(COLLECTED MATERIAL begins)
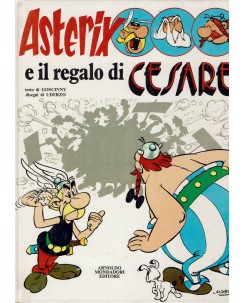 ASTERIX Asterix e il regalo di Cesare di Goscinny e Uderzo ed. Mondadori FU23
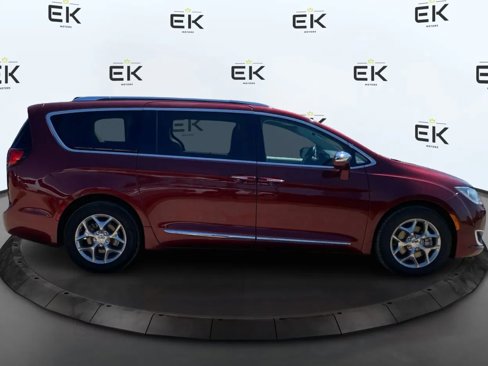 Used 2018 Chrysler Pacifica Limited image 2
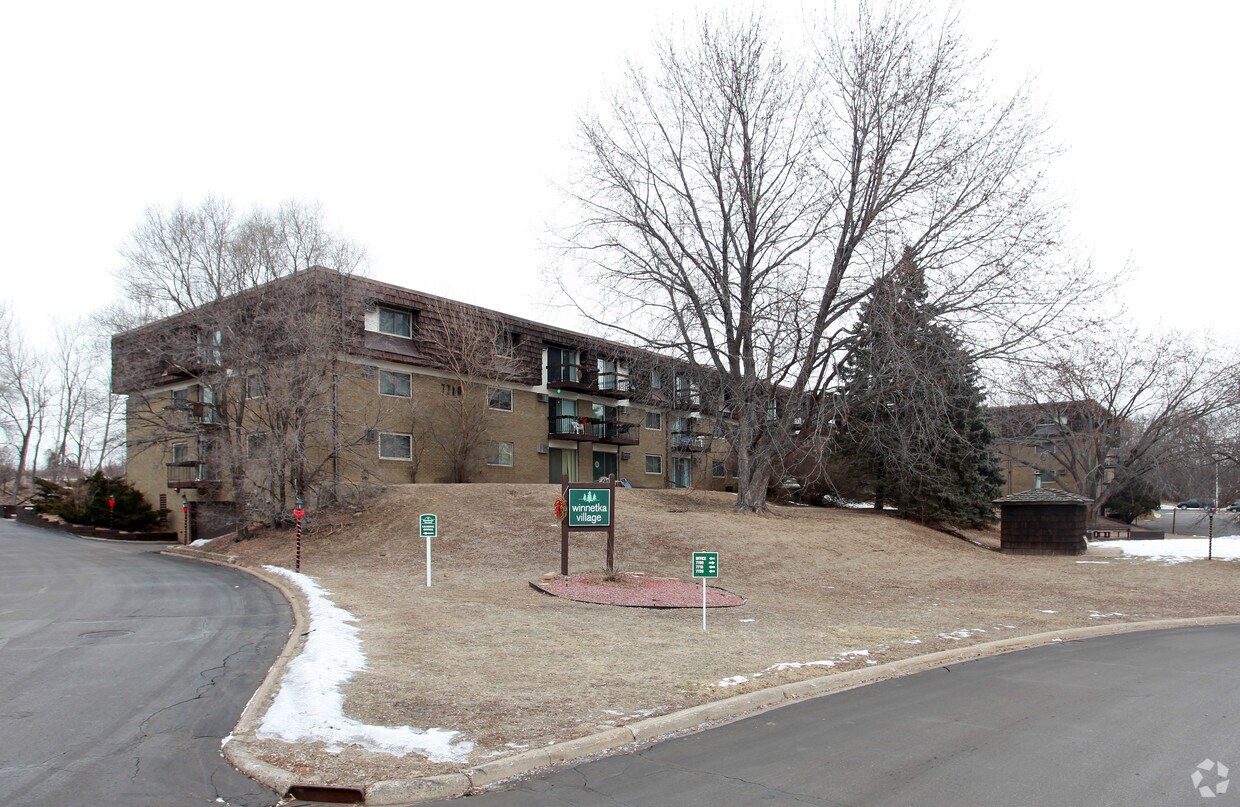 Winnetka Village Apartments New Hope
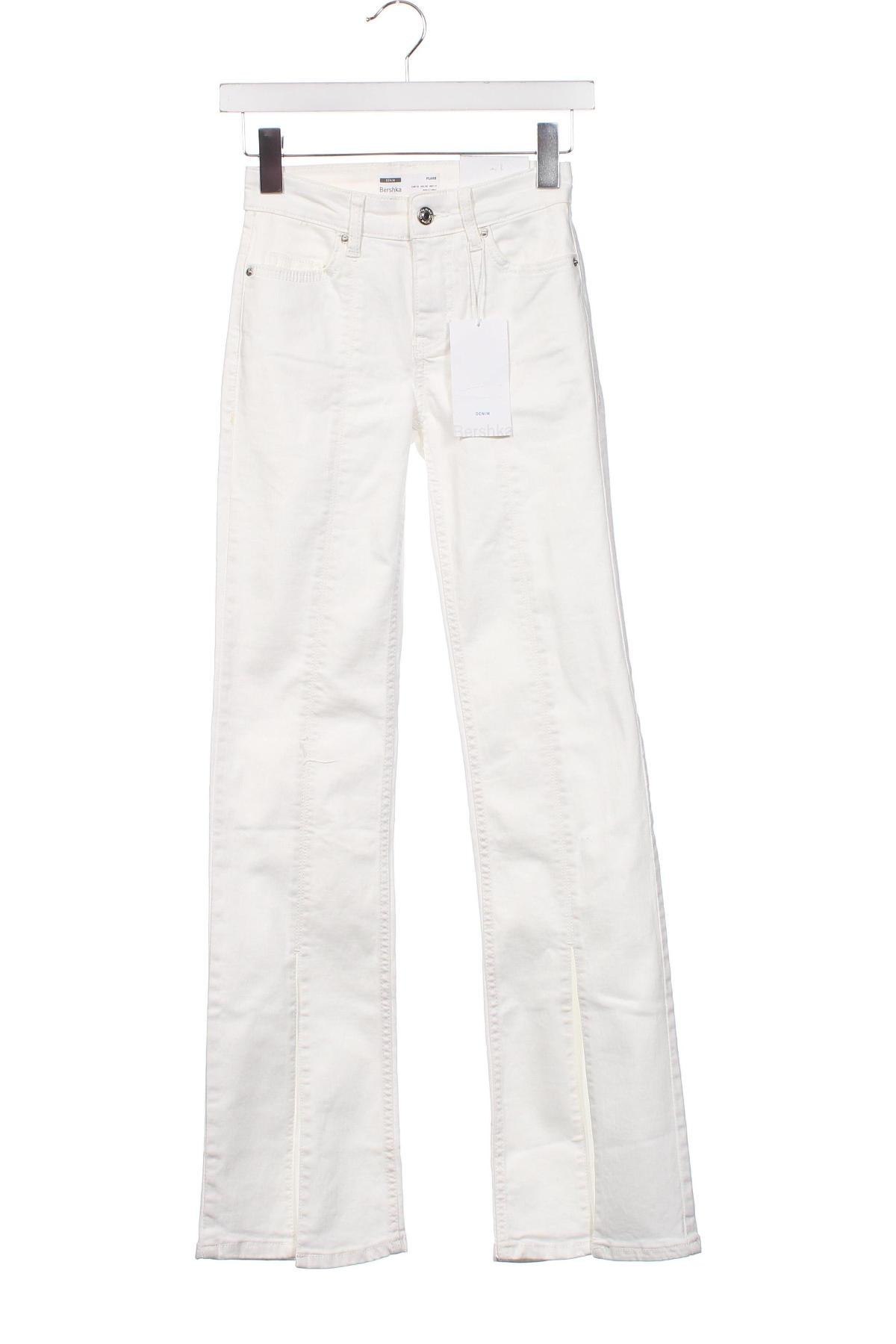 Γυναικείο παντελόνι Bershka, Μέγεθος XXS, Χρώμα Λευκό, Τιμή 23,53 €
(COLLECTED MATERIAL ends)
AIM OF THE EXERCISE> Word for word, restate all of the material, omitting the images.

WRITTEN RESPONSE>
 ASTERIX Asterix e il regalo di Cesare di Goscinny e Uderzo ed. Mondadori FU23
 Used 2018 Chrysler Pacifica Limited image 2
 Winnetka Village Apartments New Hope
 Γυναικείο παντελόνι Bershka, Μέγεθος XXS, Χρώμα Λευκό, Τιμή 23,53 €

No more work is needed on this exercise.